Segundo a Environment Agency (EA), a agência ambiental da Inglaterra e País de Gales, já são 45 espécies de peixe circulando regularmente no rio, considerado biologicamente morto em 1957 pelo Museu de História Natural de Londres. O total sobe para 122, se incluídas as espécies que visitam o rio irregularmente. A diversidade vem aumentando desde os anos 80, quando a qualidade da água melhorou radicalmente graças a um intenso programa de saneamento e despoluição.
Uma amostra desse renascer da vida selvagem no Tâmisa apareceu nas redes de pesca, no último domingo de julho de 2010. Os biólogos da agência ambiental e voluntários da Thames21, uma entidade que desenvolve projetos educativos e de limpeza do rio, ministraram uma aula pública para dezenas de voluntários, num dia típico do verão londrino, de muito calor e céu nublado. Os visitantes procuravam vestígios arqueológicos na praia formada pela maré baixa junto à Torre de Londres, antiga residência da realeza inglesa, e logo se aglomeraram para ver o resultado da coleta. Em alguns minutos, a rede jogada no rio voltou com exemplares jovens: uma perca-do-mar (Dicentrarchus labrax); um rútilo (Rutilus rutilus) e um eperlano (Osmerus eperlanus), ambos parentes da carpa, além de uma espécie de camarão (Palaemon longirostris), semelhante ao pitu brasileiro.
Algumas pessoas ficaram frustradas, pois esperavam um amontoado mais considerável de peixes, de tamanho mais atraente do que os quatro diminutos espécimes. “Mas, justamente por serem recém-nascidos, esses peixes funcionam como excelentes indicadores de que a qualidade da água do Tâmisa de fato melhorou substancialmente”, explicou Tom Cousins, biólogo da EA. O fato de serem jovens indica que nasceram no rio, sinal de água saudável e alimento suficiente (plânctons e invertebrados). O Tâmisa é um dos mais importantes e estratégicos berçários de pescado na Europa, e volta a contribuir para a conservação dos estoques do Mar do Norte.

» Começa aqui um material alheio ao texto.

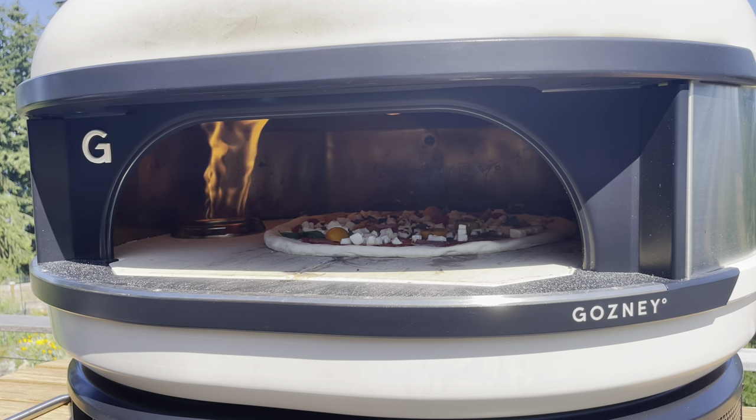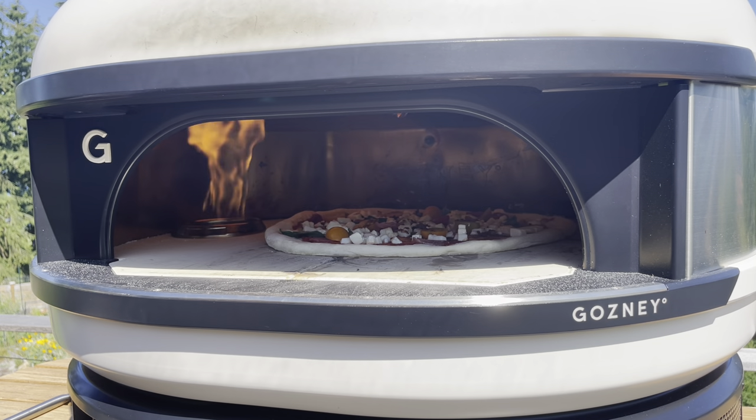All right, heat-up time of about 45 minutes. This is 834 in there. It's a little bit windy today.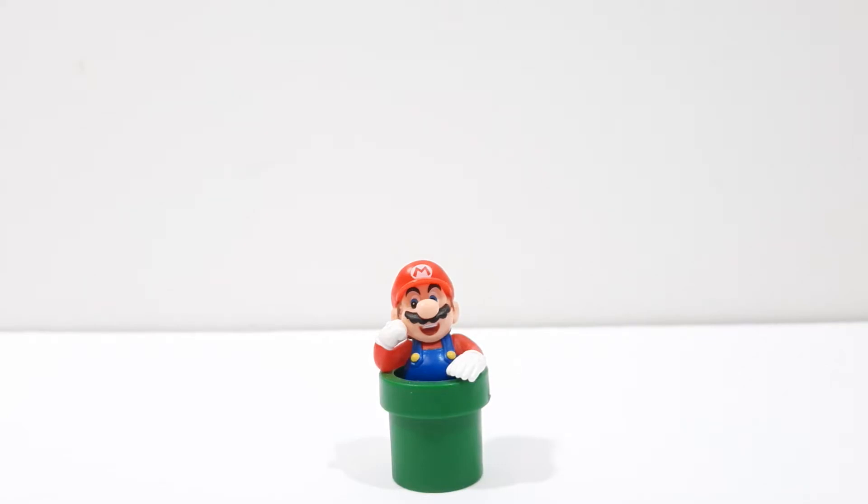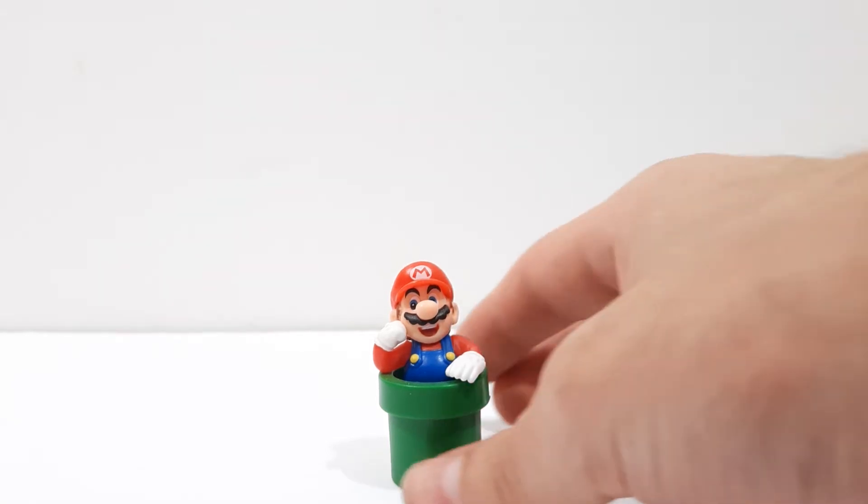What's up everyone! Today I will be reviewing the Super Mario Bros 35th Anniversary Secret Choco Egg Mario figure in pipe. It's a really cool figure. I know that the Mario 35th Anniversary is over now, but I wanted to review this figure and kind of got caught up in time. So here he is!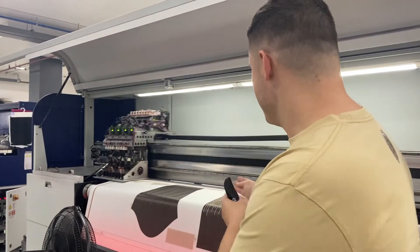The first part of the sublimation process is the digital printing onto paper. As you can see here, we're printing the designs we've just made on the paper, ready to be transferred to the fabric later.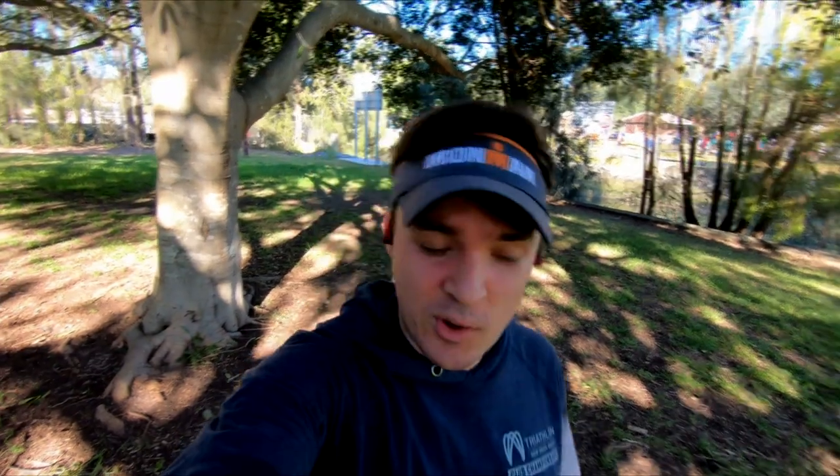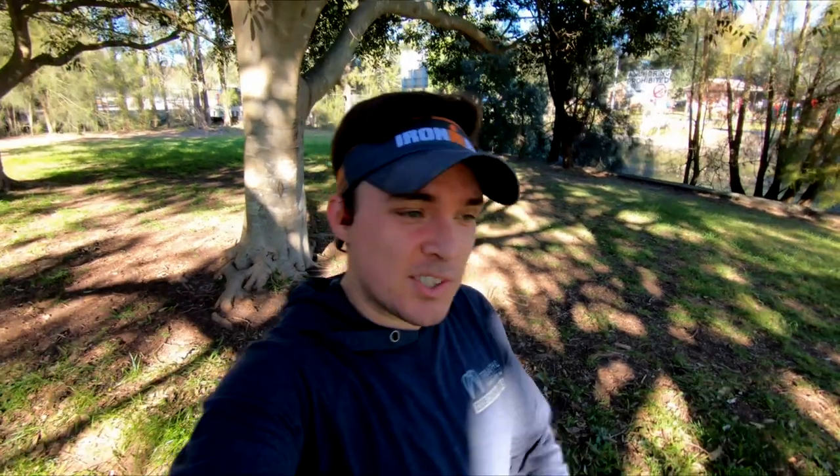Good morning! It is the 24th of August and I've just completed a park run so I'm a little out of breath. I'm Will and you're watching the Iron Will vlog — your place to find tips, tricks and experience in triathlon, multi-sport and endurance events and training. This week is another week in my training leading up to the marathon, which is now three weeks away.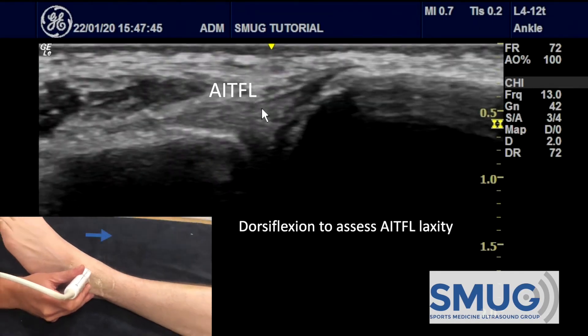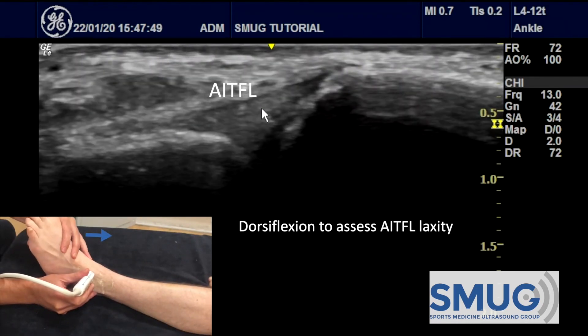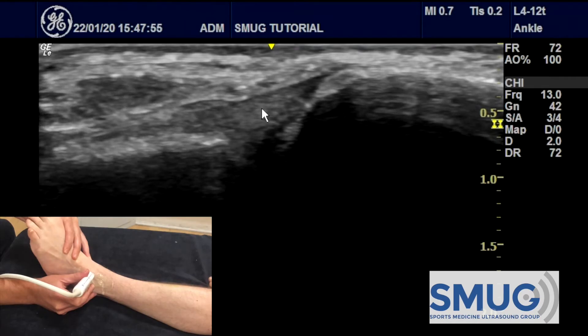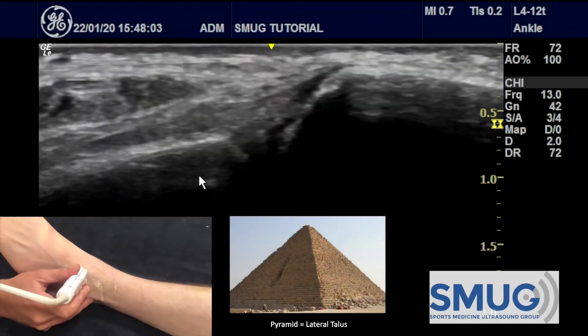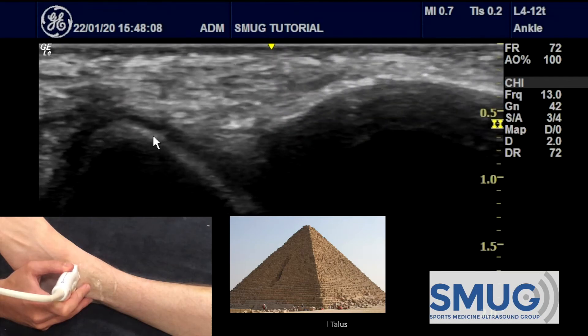To assess the laxity of the AITFL we use dorsiflexion. If I gently and passively move the foot into dorsiflexion, despite the movement you can see that the tibia and fibula do not open up at all — so that ligament is doing its job.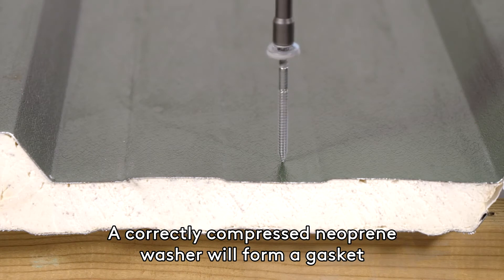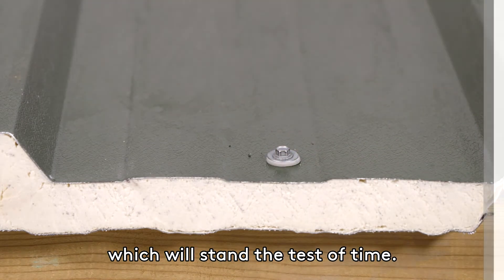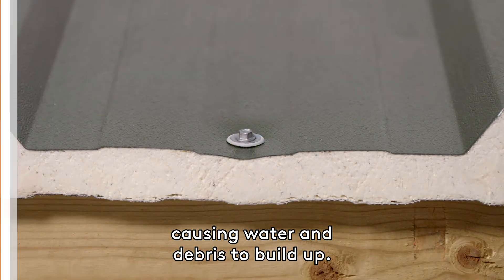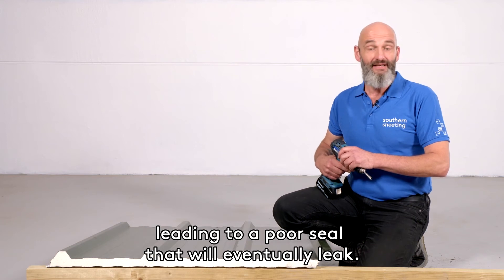A correctly compressed neoprene washer will form a gasket between the roofing sheet and screw, which will stand the test of time. By over tightening, you can dent the sheets, causing water and debris to build up. This will also expand the neoprene washer too much, leading to a poor seal that will eventually leak.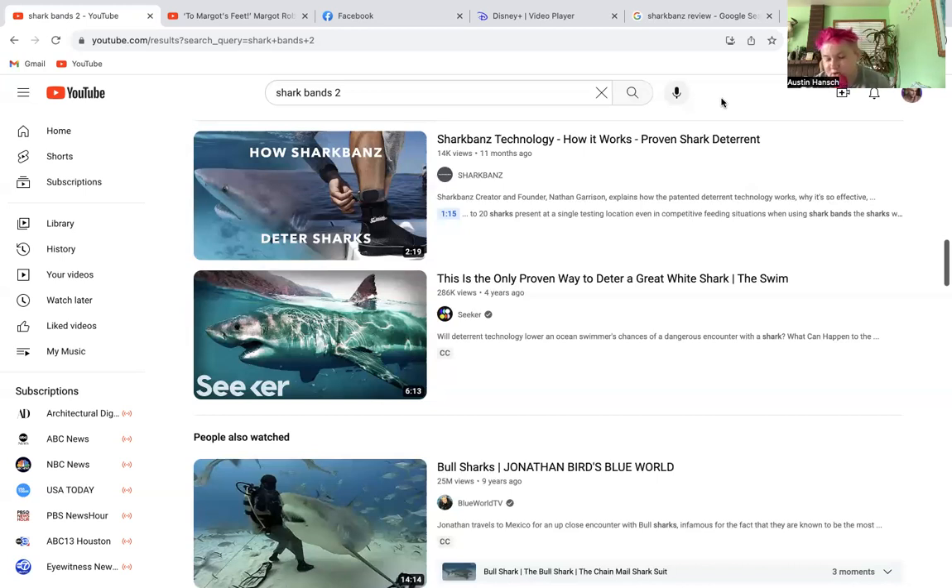I'm still shocked he would buy this — I never thought in a million years he'd buy something like this. When he told me, I was like, 'Are you kidding me? You bought the hundred-dollar one?' Considering he's been surfing for 60-plus years and is 73 years old, and he's never had issues with sharks — no long-time surfer has — don't be like him and buy this product.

Muitos londrinos ainda não acreditam que seu lendário rio é hoje mais limpo do que 150 anos atrás e abriga uma diversa e volumosa fauna aquática. “Ainda vai levar um longo tempo para que a nova realidade do Tâmisa se transforme em percepção pública”, afirma Mark Lloyd, diretor da Thames21.
O retorno de antigos habitantes ou visitantes inclui tanto peixes – um tipo de linguado (Platichthys flesus), um tipo de savelha (Alosa fallax) e as espécies apanhadas na “aula” da agência ambiental – como mamíferos aquáticos há muito desaparecidos: a lontra européia (Lutra lutra), a rara foca-cinza (Halichoerus grypus), a foca-do-porto (Phoca vitulina), o golfinho-nariz-degarrafa (Tursiops truncatus), a baleiapiloto (Globicephala melaena) e a marsopa (Phocoena phocoena) e ainda uma espécie terrestre, o rato-docampo (Arvicola terrestris).
E há visitantes incomuns, vindos do mar: em junho, a mídia britânica noticiou euforicamente o aparecimento de um cavalo-marinho nas águas salgadas do estuário, a leste de Londres. Foi a primeira vez que a espécie apareceu no rio desde 1976! A par da melhora na qualidade da água, o aquecimento do rio pode ter atraído o animal.
Menos alardeada, a volta dos invertebrados também é estratégica para a recuperação ecológica da bacia do Tâmisa. Eles estão na base da cadeia alimentar e garantem o alimento de peixes e aves. Ao menos 350 espécies de invertebrados – insetos aquáticos, moluscos, crustáceos e vermes – já habitam o rio novamente. Eles se distribuem especialmente pelo Alto Tâmisa e zona marinha, onde ainda encontram hábitat e refúgio contra as fortes correntes. Com os peixes, camarões e vermes à disposição, as aves aos poucos recolocam o rio inglês em suas rotas de vôo. Já andam por ali uma espécie de pato, a tadorna- comum (Tadorna tadorna), um ostreiro (Haematopus ostralegus), um perna-vermelha (Tringa totanus) e um maçarico (Calidris alpina).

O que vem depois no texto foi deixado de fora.